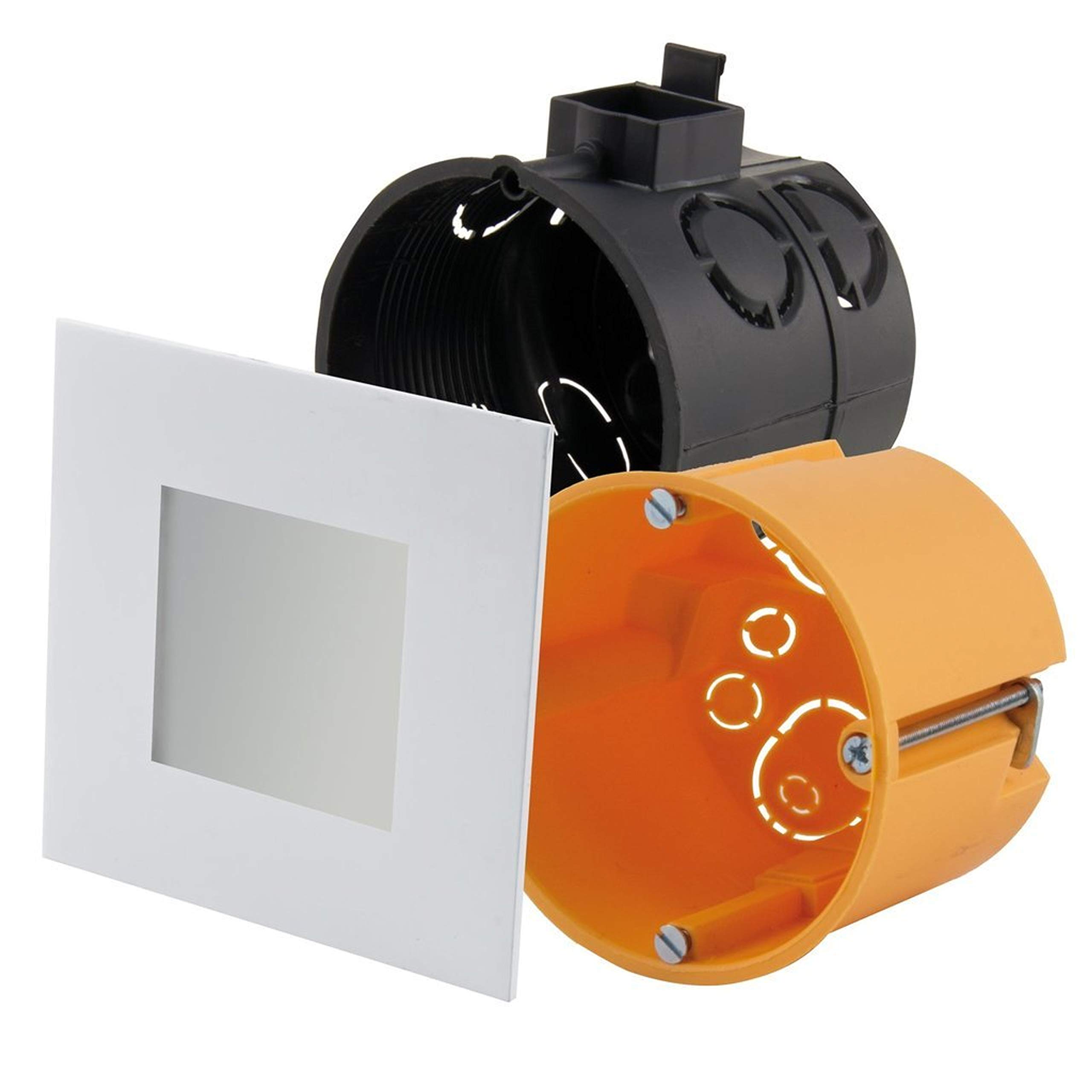 Heitronic LED Außenwandleuchte Panel – 4,5 Watt, Rund, Weiß, Aluminium, Tageslichtweiß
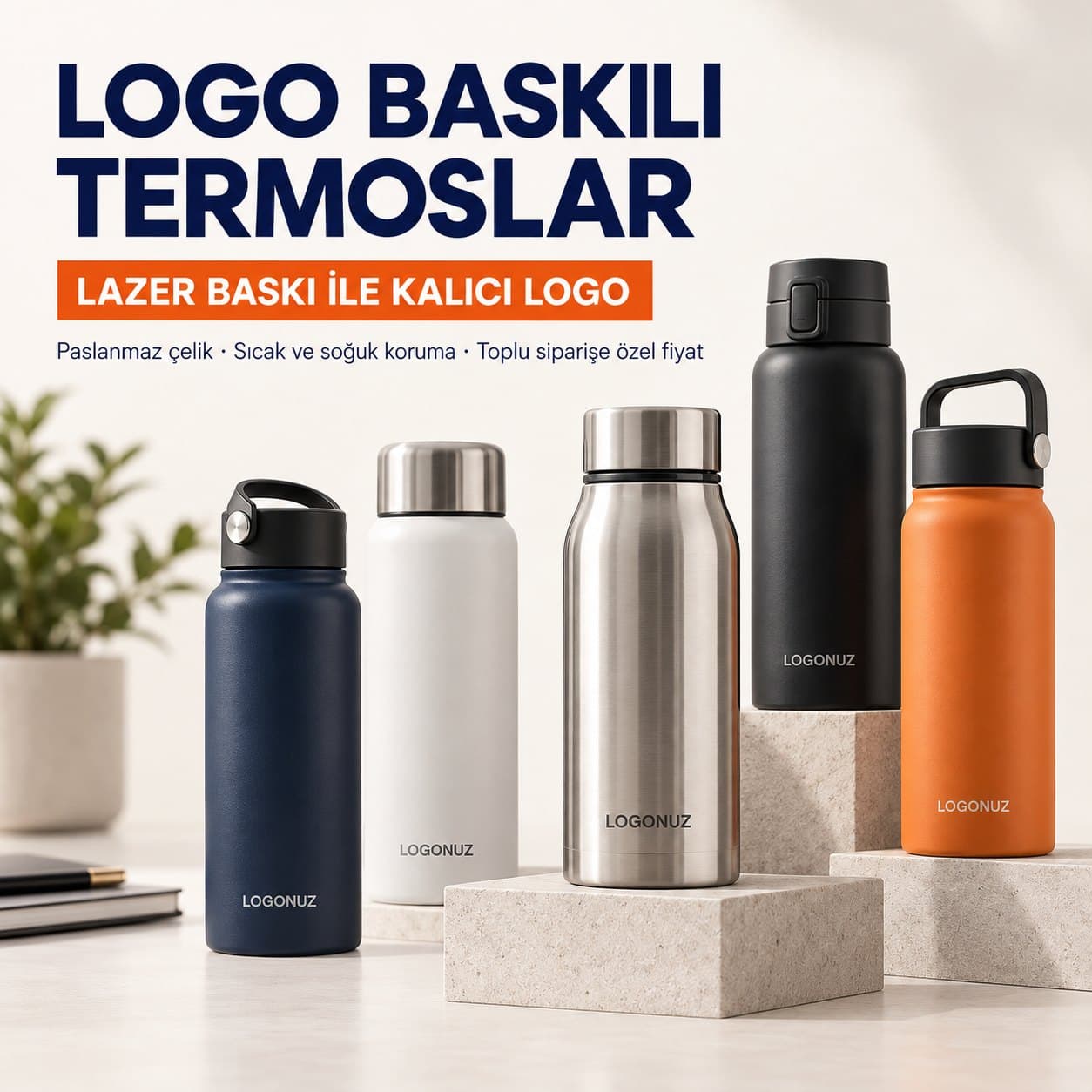 Logo baskılı termos kampanyası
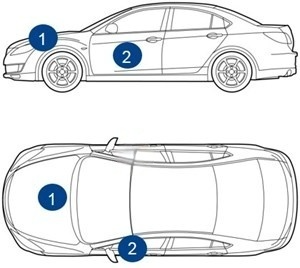 Emplacement code couleur Aston Martin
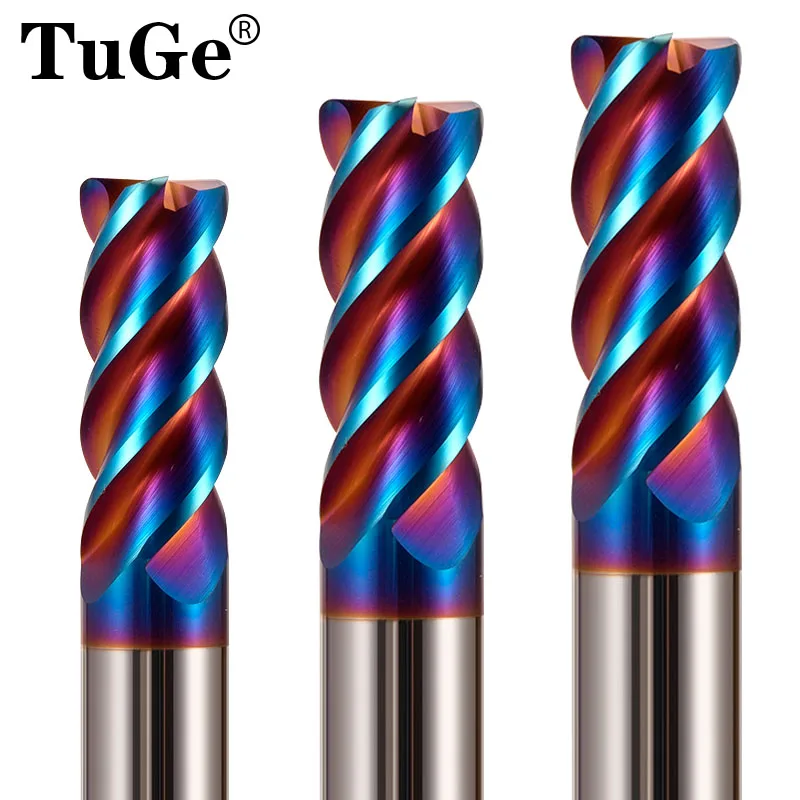 

High Quality HRC65 CNC tools 4 Flute Corner Rounding End Mills Shank 4 6 8 10 Carbide Tungsten Milling Cutter for Hardened Steel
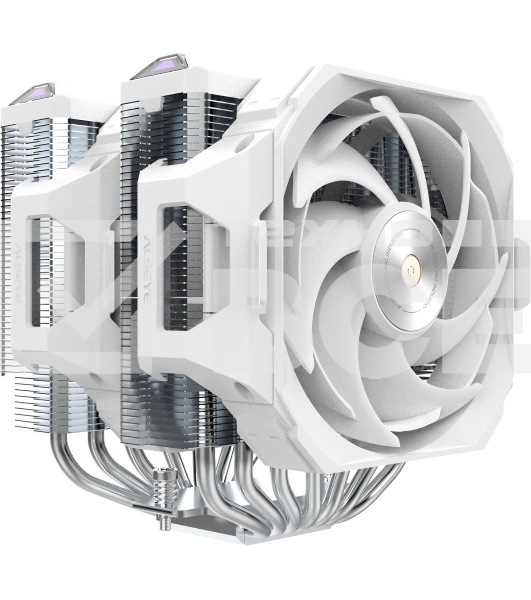 Кулер для процессора Alseye W700-W(USA) белый, 120 мм, алюминий/медь, 2200 об/мин, 35.3 дБ, 4 pin, 230 Вт, 159 мм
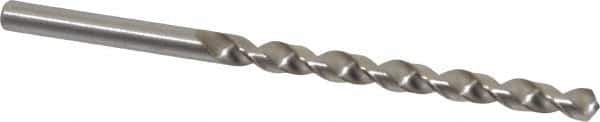 Cleveland - #8 118° High Speed Steel Jobber Drill - Bright Finish, Right Hand Cut, Spiral Flute, Straight Shank, 3-5/8" OAL, Standard Point - Apex Tool & Supply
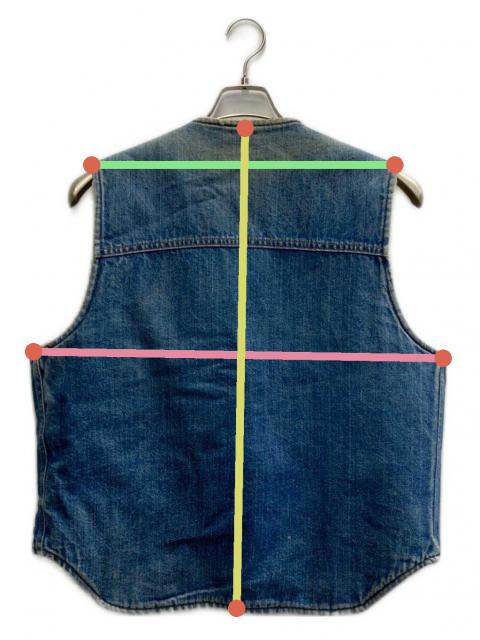中古・古着通販】CarHartt (カーハート) デニムベスト インディゴ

Problem to work on:
Skip the pictures and restate exactly the lines from the beginning of the listing to the line with "Cleveland - #8", that line included.

Completed exercise:
 Heitronic LED Außenwandleuchte Panel – 4,5 Watt, Rund, Weiß, Aluminium, Tageslichtweiß
 Logo baskılı termos kampanyası
 Emplacement code couleur Aston Martin

High Quality HRC65 CNC tools 4 Flute Corner Rounding End Mills Shank 4 6 8 10 Carbide Tungsten Milling Cutter for Hardened Steel
 Кулер для процессора Alseye W700-W(USA) белый, 120 мм, алюминий/медь, 2200 об/мин, 35.3 дБ, 4 pin, 230 Вт, 159 мм
 Cleveland - #8 118° High Speed Steel Jobber Drill - Bright Finish, Right Hand Cut, Spiral Flute, Straight Shank, 3-5/8" OAL, Standard Point - Apex Tool & Supply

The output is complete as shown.